** Opening INPUT FOR THIS TASK block **

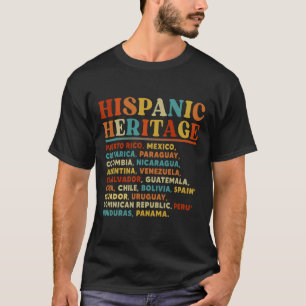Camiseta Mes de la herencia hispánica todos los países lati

** Closing INPUT FOR THIS TASK block **
** Opening INPUT FOR THIS TASK block **

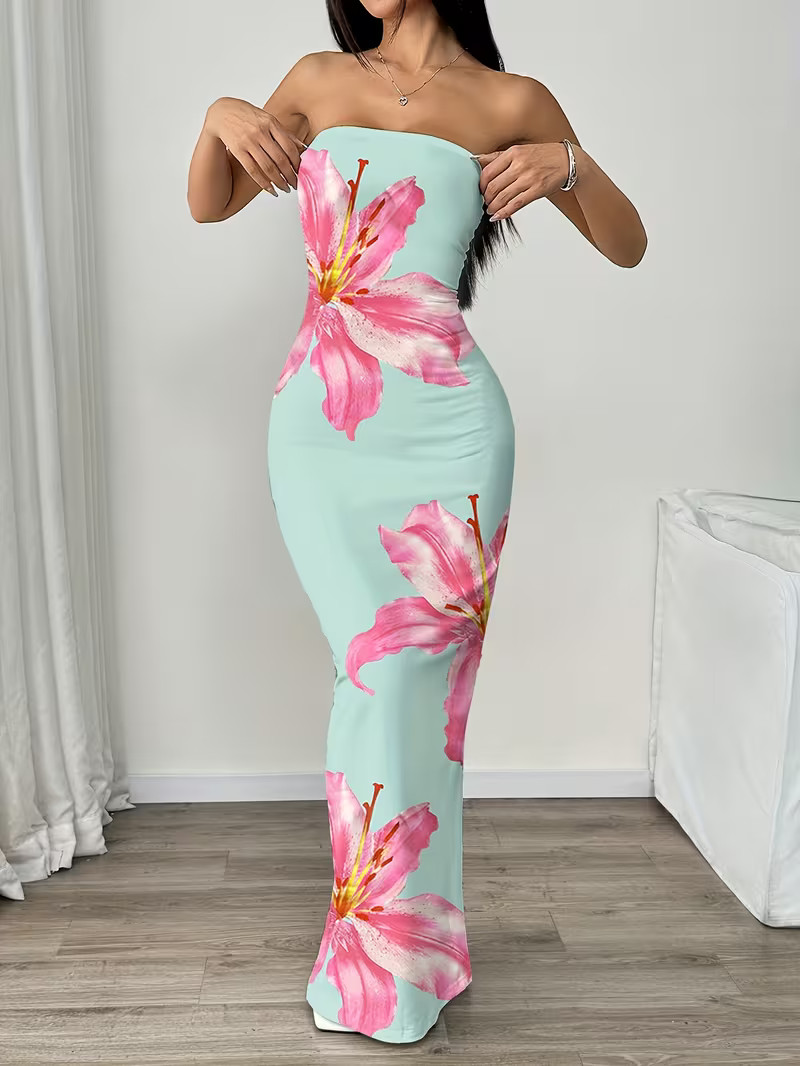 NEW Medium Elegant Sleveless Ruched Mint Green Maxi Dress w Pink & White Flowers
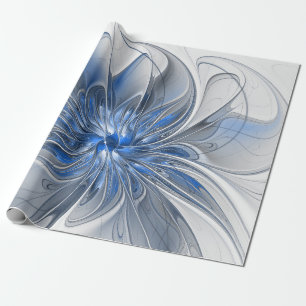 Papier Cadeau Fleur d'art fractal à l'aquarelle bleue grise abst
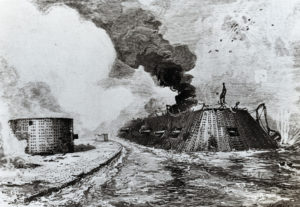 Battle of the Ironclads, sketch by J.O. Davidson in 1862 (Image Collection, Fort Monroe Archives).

** Closing INPUT FOR THIS TASK block **

** REQUIRED ACTION **
Since the pictures are not part of the copy, please transcribe only the lines above from the one with "Papier Cadeau Fleur" through the one with "Battle of the", exactly and with both ends.

** RESULT OF THE TASK **
 Papier Cadeau Fleur d'art fractal à l'aquarelle bleue grise abst
 Battle of the Ironclads, sketch by J.O. Davidson in 1862 (Image Collection, Fort Monroe Archives).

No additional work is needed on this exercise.